Mandelbrot

C64 adventures | download | source

I started with installing the ACME assembler and the VICE emulator for the Commodore 64. Spent some time getting familiar with the assembly language. It wasn't totally new, but not because of my childhood, I only used BASIC then. I learned a lot about the 65xx processors when I wrote a NES emulator a few years ago. That family was quite common in the 1980s, many Commodore machines and also the Apple ][ used that.

screenshot

The biggest obstacle on the C64 is the lack of multiplication. It can add and subtract numbers, but not multiply (or divide). One has two options: either using the floating point routines that come with the C64 BASIC interpreter or implement them by hand. There are various sources with assembly snippets around, and after I realised that the floating point arithmetic is unbearably slow for my purposes I decided to switch to 16 bit fixed point arithmetic (with 8 bit for the fraction part) and pulled in some routines from https://codebase64.org/.

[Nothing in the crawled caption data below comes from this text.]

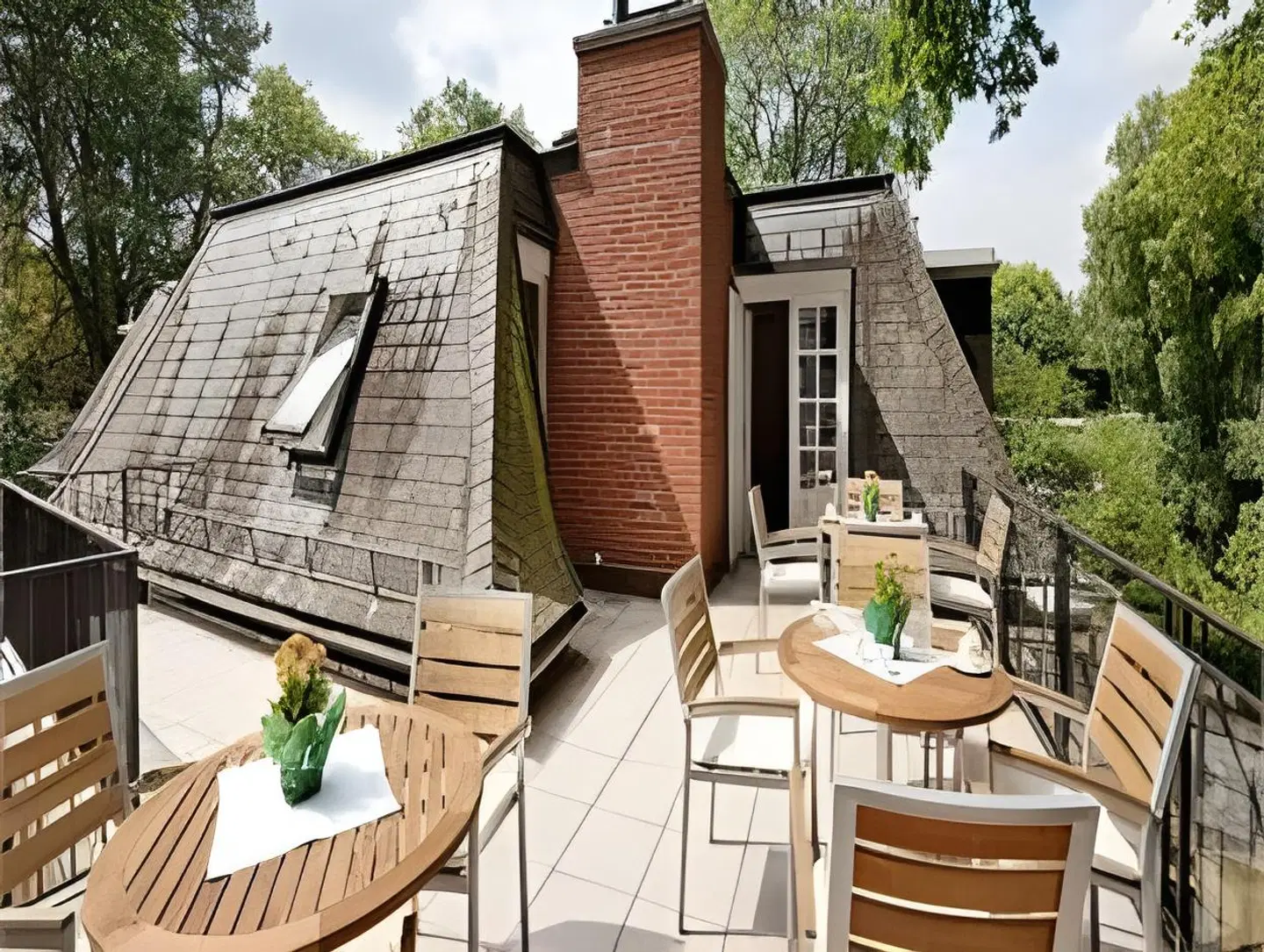 Elb Lounge Terrasse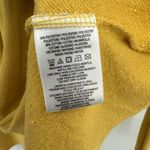 Free People FP Beach size XS/S yellow long sleeve blouse tunic cotton blend Photo 5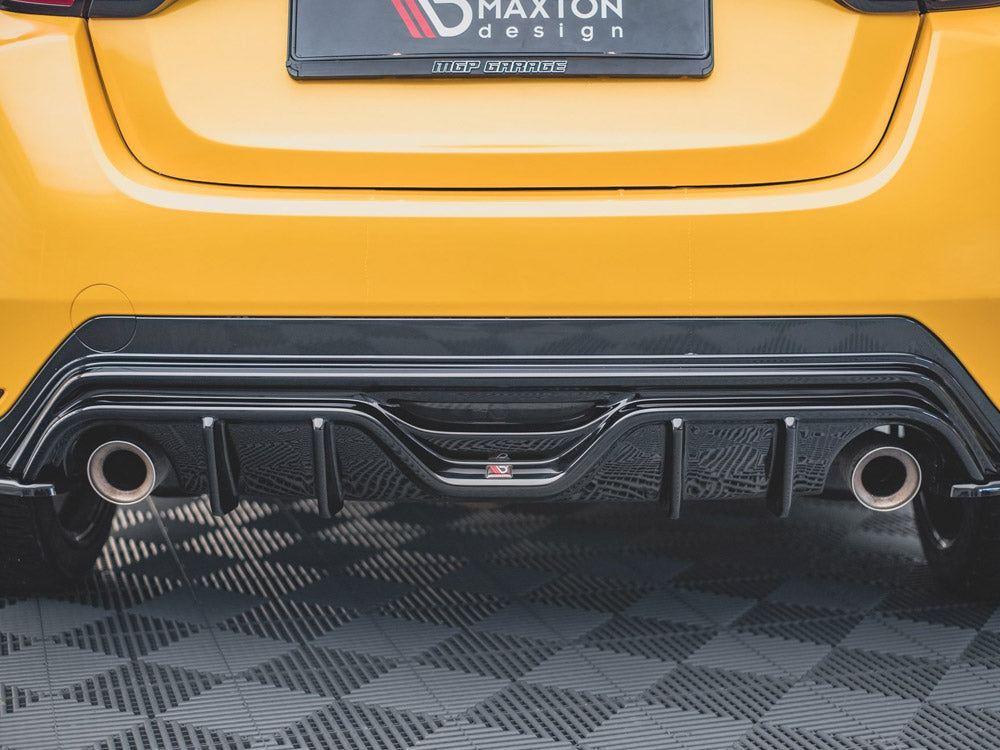 Rear Valance Toyota GR Yaris MK4 2020- Maxton Design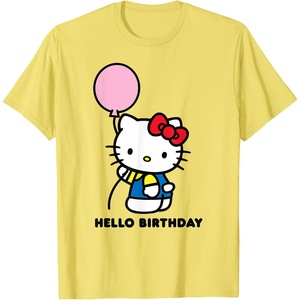 image:imageHello Kitty Hello Birthday TShirtLemon Yellow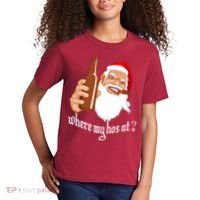 Where My Hos At? Christmas Kids T-Shirt thumb 2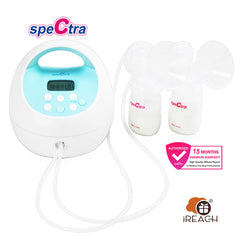 SPECTRA S1+ 醫院級電動雙邊奶泵內置充電池香港原裝行貨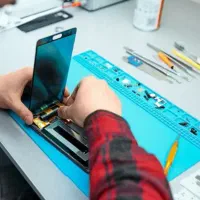 تعویض LCD  و تاچ گوشی در کرج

It didn't work of course... The output resembled the Mandelbrot set but was kind of well...

mandelbrot-fail

Now how do I debug this thing? I wrote a few assembly routines and tried the arithmetic on a few examples, but it looked all good. There are so many places to screw it up....

I quickly created a reference implementation in Javascript with Html canvas so that I know what to expect, but it was just fine. 16 bit is definitely enough. Finally, after some pondering I figured that I could redirect the standard output of the C64 to the printer, and redirect the printer from the emulator to a file. The magic commands are:

OPEN4,4
CMD4

I could just call the regular PRINT routines to trace my variables and compare it to the reference implementation.

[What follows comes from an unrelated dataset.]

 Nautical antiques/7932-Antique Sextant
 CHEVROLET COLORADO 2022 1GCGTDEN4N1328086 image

I found a few places where the multiplication returned bad results. Went through the code a couple of times, but it took me an hour until I found that my Mandelbrot drawer is using the same memory locations for its local variables as the multiplication routine for the helper tables...

I essentially overwrote things like 100 * 100 = 10000 with some garbage... (The reality is a bit more tricky as it's not directly storing 100* 1 00, but you get the idea.)

Anyway, once it was fixed, it really started to look like a Mandelbrot set.

Real hardware

Using my proven tactic, I went to reddit and asked around for help. A few hours later fellow reddit user u/pskipw created a few pictures for me. Here is one:

pskipw-c64.jpg Source: https://imgur.com/a/ogF4kFR

I have never heard about it, but the C64 had a portable version as well, called the SX-64. u/eventhorizonrocket shot this. It takes about 5 minutes to render:

eventhorizonrocket-sx64.jpg Source: https://imgur.com/a/MxnhAKi

A close up from u/conventionalmemories:

conventionalmemories-sx64.jpg Source: https://imgur.com/gallery/SWjcJBm

The colors are different because the SX-64 has different color settings after startup than the C64 and I didn't count with that.